Still so weird to say… I’m going to be a mom! I’ve always been a baby person, and my boyfriend always gets mad because, “babies love you more than they love me.” It’s my calling- especially because my mom used to run a daycare when I was in middle school. However, I never thought I would be a mom this soon in my life. I had plans like everyone else. I wanted to graduate, and get married, and travel the world, and then have a family. But life never really goes the way you “plan it,” does it? And today, I can honestly say I’m okay with it because I know things happen for a reason and whatever comes my way I will take control and handle it… As a mother. Having this happen at this point in my life is truly a blessing in disguise; it’s motivated me to continue pushing for a career- I’m loading up on 5 classes in the Fall, 3 classes in the Winter (which, I’ll have the baby during midterms), and finish off strong with 3 classes in the Spring and graduate in June of 2017 with my Bachelor’s in English Literature. So, thank you, baby… For pushing me to be the woman I’ve always wanted to be. I am more motivated than I’ve ever been in my life, and it’s all for the future of my child.

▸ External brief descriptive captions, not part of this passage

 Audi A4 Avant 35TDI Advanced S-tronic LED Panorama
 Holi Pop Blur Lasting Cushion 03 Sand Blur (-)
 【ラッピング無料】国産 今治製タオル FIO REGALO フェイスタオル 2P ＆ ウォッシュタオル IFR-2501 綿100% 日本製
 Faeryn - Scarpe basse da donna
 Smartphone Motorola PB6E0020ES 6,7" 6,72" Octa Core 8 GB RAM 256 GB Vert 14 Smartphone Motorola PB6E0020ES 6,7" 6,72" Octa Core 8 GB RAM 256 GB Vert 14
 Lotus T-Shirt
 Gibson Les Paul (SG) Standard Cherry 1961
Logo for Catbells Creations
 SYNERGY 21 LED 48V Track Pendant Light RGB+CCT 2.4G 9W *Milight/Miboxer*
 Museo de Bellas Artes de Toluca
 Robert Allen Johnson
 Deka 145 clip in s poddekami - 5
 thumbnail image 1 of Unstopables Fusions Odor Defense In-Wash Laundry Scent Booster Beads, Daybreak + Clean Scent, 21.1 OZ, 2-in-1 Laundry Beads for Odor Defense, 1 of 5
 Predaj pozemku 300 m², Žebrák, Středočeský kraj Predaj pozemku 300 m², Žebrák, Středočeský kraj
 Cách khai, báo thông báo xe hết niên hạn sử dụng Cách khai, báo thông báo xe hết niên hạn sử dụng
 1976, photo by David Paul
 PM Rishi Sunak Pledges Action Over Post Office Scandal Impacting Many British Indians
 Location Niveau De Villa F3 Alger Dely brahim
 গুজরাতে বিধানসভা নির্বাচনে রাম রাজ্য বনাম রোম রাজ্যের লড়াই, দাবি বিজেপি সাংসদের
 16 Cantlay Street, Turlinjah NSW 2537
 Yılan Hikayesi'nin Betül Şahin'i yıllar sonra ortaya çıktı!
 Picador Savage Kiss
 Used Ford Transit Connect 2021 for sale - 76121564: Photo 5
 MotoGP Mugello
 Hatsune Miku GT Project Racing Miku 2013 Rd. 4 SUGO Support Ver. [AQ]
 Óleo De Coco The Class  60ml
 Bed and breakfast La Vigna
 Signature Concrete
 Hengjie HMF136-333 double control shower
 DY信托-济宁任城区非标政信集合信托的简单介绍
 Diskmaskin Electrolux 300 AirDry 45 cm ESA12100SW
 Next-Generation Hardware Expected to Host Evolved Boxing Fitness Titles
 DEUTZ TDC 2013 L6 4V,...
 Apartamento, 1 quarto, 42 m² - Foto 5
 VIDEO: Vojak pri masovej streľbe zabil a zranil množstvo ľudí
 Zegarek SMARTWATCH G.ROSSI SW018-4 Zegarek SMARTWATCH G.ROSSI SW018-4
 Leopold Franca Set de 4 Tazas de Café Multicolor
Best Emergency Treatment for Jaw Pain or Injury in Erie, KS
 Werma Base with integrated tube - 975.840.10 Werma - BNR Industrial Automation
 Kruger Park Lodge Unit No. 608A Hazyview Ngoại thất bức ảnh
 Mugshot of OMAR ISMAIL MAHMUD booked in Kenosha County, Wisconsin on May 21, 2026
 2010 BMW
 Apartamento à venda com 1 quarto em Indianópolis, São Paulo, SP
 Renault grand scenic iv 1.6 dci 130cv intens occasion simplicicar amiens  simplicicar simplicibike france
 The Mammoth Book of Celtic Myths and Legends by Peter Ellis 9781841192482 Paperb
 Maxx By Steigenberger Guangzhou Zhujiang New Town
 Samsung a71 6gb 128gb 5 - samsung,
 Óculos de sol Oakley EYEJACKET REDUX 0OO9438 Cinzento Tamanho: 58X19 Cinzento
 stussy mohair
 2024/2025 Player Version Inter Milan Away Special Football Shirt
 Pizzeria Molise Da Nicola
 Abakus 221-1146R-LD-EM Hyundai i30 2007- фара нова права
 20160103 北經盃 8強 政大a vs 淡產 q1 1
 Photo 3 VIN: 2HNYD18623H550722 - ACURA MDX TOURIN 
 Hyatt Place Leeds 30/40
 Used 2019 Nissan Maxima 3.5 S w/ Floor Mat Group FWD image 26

I want this especially to show my child that no matter what people might say, or what people might think, you can always do what makes you happy even if all odds are against you. I will be able to tell this story to my child with confidence and pride… That I had a baby during a time that no one thought was possibly.
At just three-months, it’s been stressful. I have no control over what happens to my child as it “bakes,” and I officially have no control over my own body anymore. But I’m excited for this journey, and I’m excited to share the good, bad, sad, and happy times of it all. Ready for this roller coaster ride…. No, seriously, these hormones are so up and down- help!